It doesn't take much for someone to obtain private information. It can start with an e-mail, the swipe of a credit card or a familiar phone number showing up on your caller ID before you unwittingly wind up the victim of identity theft.
"Most people don't even know how it happened, and that's bad when you think about it," said Hale Guyer, a retired special investigator from northern Illinois.
For more than 32 years, Guyer worked with the Suburban Law Enforcement Academy at the College of DuPage, a community college in Glen Ellyn, Ill., and spent 10 years investigating computer crime, including identity theft and fraud.
"When you're going to jail under a warrant because someone opened up a checking account in your name (and flooded) the area with bad paper, that may be the first time you find out you've been victimized," he said.

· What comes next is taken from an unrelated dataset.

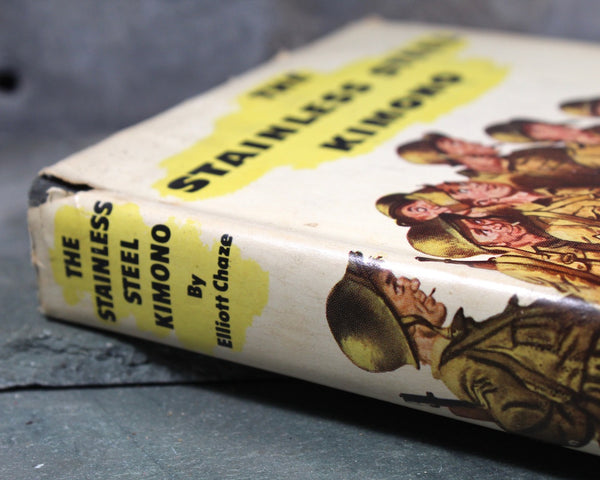 The Stainless Steel Kimono by Elliott Chaze, 1947 Post-WWII Novel - FIRST EDITION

Guyer will demonstrate the different ways anyone can become a victim of identity theft and computer crime and steps the public and law enforcement can take to combat identity theft at two programs hosted by the Central Peninsula Crime Stoppers and the Kenai chapter of the Alaska Peace Officers Association.
"Avoiding Identity Theft and other Computer Crimes" is a free presentation for the general public and will take place at 7 p.m. April 2 at Soldotna High School Auditorium.
"Investigating Identity Theft and other Computer Crimes" will take place the from 9:30 a.m. to 3:30 p.m. April 3 at the Kenai Merit Inn. This program seeks to teach law enforcement and bank security officers and others how to respond to computer crime and the steps they need to take to successfully prosecute them.
Kalie Klaysmat, Crime Stoppers secretary and funding coordinator, said those wishing to attend the law enforcement presentation must register by March 25. The cost is $50.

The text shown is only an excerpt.